It is difficult to know the true reasons. But it does leave us questioning: a question of soil. Has the soil been disturbed? Have the seeds been damaged? What lies beneath, and how do we nurture the soil so that it heals, rather than fractures, under strain?
So Why Does This Happen?
When people ask why this happens, the answer is rarely simple.
Beneath the surface are invisible forces driving us apart.
Personal identities are attacked. Opinions are shaped differently for each of us. When it happens directly, passions ignite, politics get activated, and often we disengage - deciding this is going nowhere, I have no energy for this, I am out. Most of the time, that is the best solution.
But not always. Sometimes conflict erupts before we have the chance to step away. It strikes quick and sharp - like a flash of light jolting through the mind or heart. It rises from somewhere deep, rooted in belief or a strong sense of justice political, ideological, or personal. Overwhelming and hard to predict, it rushes in with emotion: anger, justification, frustration, even pain. And just as easily, we can be pulled in like a vortex, fuelled by fear or rage.
In those moments, it is almost impossible to name the feeling, let alone find rationality - whether in conversation with oneself, or with others.
And if it goes unnoticed - if there is no pause - it continues. What begins as a moment of conflict can expand outward, repeating and compounding until it spreads on a global scale. Psychologists call this intractable conflict - the kind that drags on for years, sometimes generations. And we are beginning to see our own escalations of political violence and division. It begins with individual psychology: our natural tendency to herd together, to defend our pack. It is never one single cause, but many forces intertwined. They take on a life of their own, pulling us back into repeating patterns of mistrust and hostility.
This is why simple interventions - a dialogue, a meeting, a workshop - rarely succeed. Well-intentioned as they may be, they often backfire. Instead of bridging divides, they deepen frustration and widen alienation.
Only when the storm has passed does clarity begin to return. With time to reflect, to breathe, to think, we can choose how to act.

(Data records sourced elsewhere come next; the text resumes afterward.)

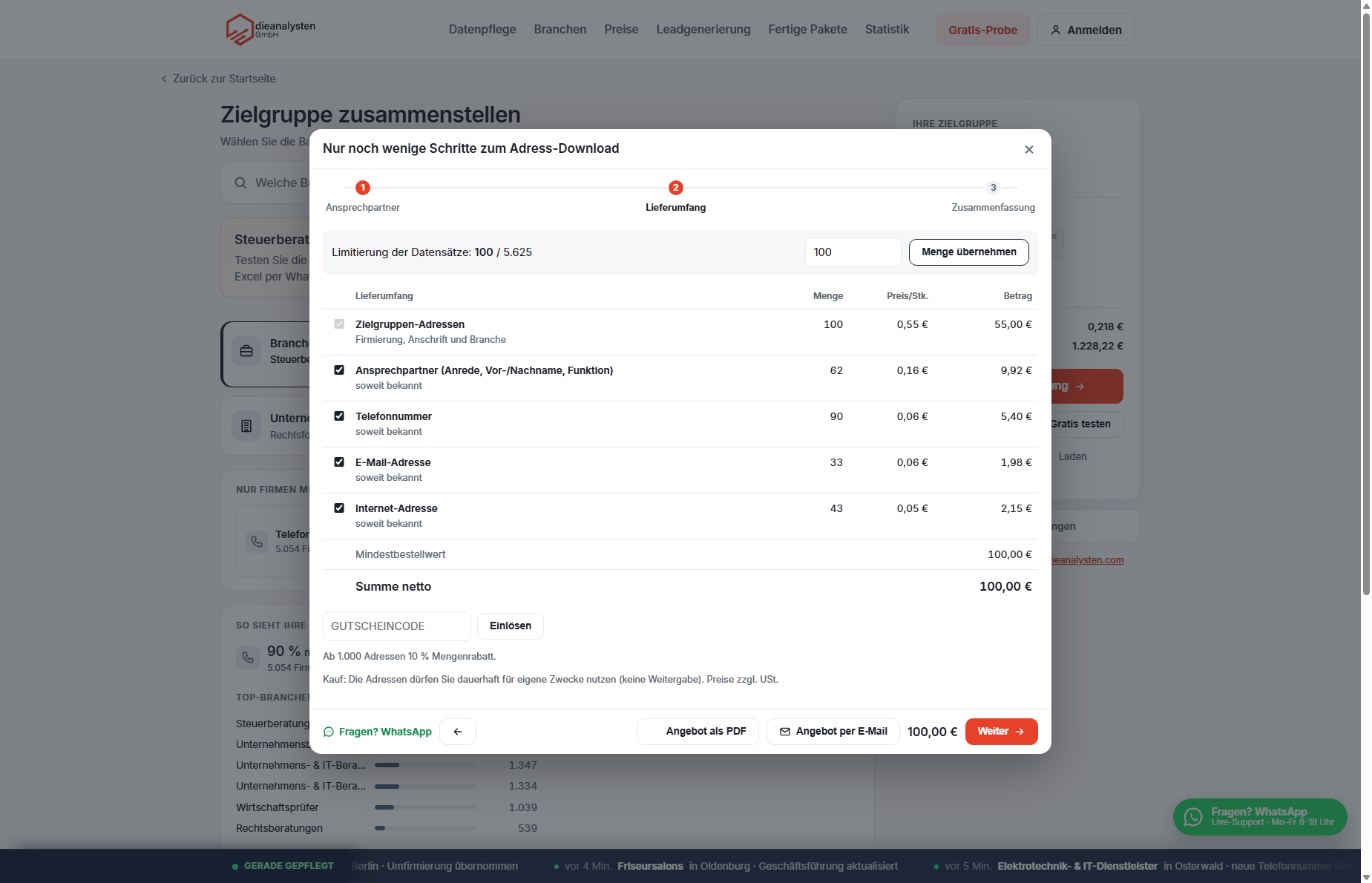 dieanalysten: 100 Adressen mit Ansprechpartner, Telefon, E-Mail, Website (soweit bekannt): 100,00 € netto (Mindestbestellwert)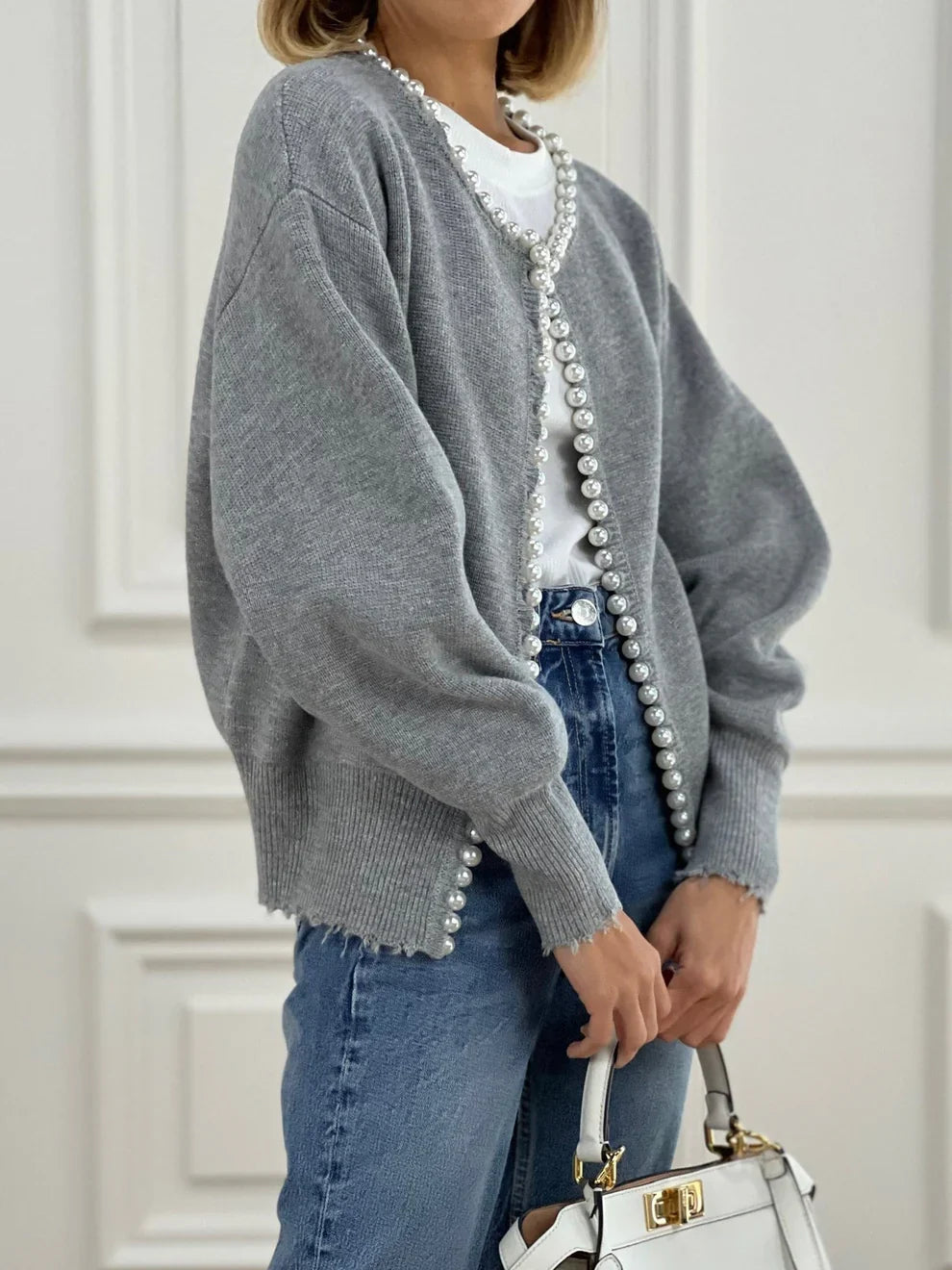Vivien knit cardigan with pearl & fringe detail – women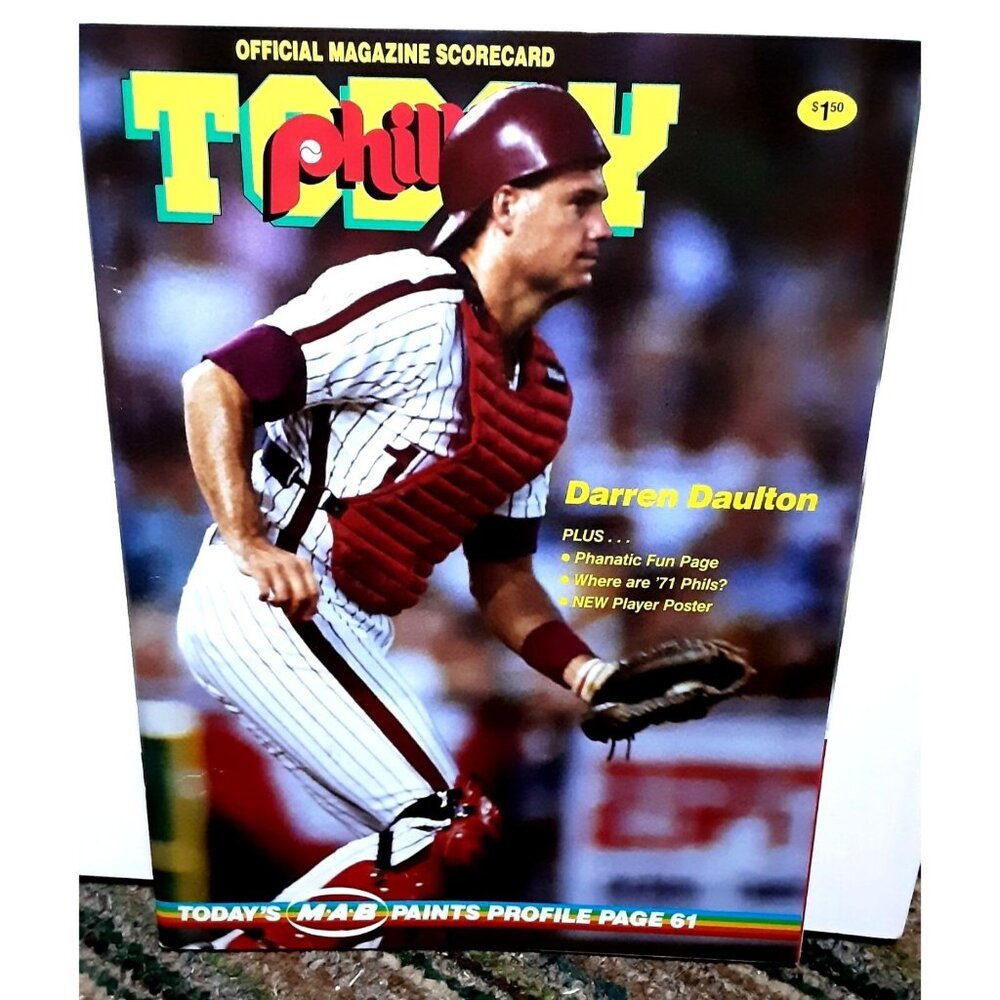 1991 Philadelphia Phillies scorebook Unscored Giants Daulton Poster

And if we act with care, with kindness for ourselves and with respect for each other, something shifts.
It is also about self-awareness: recognizing the storm within you, knowing when it has passed, taking ownership of your response, and giving yourself the space to reset with understanding and an open mind.
Like the land after a storm, the debris can be cleared, the ground replanted, the soil renewed. With patience and sunlight, new life can take hold. And sometimes, the soil that seemed broken can become stronger than before. Even soil washed away by rain or blown aside by wind can, in time, recover its strength - richer, deeper, and ready to nurture growth again.
Nurturing Fertile Ground in Organizations: Work of Belonging
Belonging is not only personal, but also institutional. Organisations play a powerful role in shaping whether people feel safe, valued, and able to thrive.
Migration is not going away; it is here to stay. You can either embrace it or resist it, but it will continue to shape our workplaces and our communities. Migrants need residents just as much as residents need migrants. One cannot flourish without the other.
That means asking hard but necessary questions:
Who do you hire, and how do you hire them?
What questions are asked in recruitment and promotion - and what unspoken assumptions sit behind them?
How do you respond when discrimination surfaces?
Do you create real opportunities to address issues like discrimination, tall poppy syndrome, and microaggressions? And do you truly understand what they mean? Do you call them out directly? Do you have safe mechanisms in place for others to call them out?
Are there confidential channels - ombudsman lines, trusted leaders - where those who experience discrimination can speak openly without fear?
Representation also matters. Do you have a diverse mix of leaders based here in Australia who are visible to your teams and delivering messages that reflect inclusion?
Are your people exposed to different cultures and perspectives through genuine interaction? In a virtual world, there is no excuse for insularity - we can connect with anyone, anywhere.
And beyond diversity, do you nurture allyship? Do you have programs that equip people to stand beside colleagues who feel vulnerable or isolated? Do you regularly check in with those who may feel the sensitivity of what is happening around them - not with assumptions, but with openness: “How can we support you?”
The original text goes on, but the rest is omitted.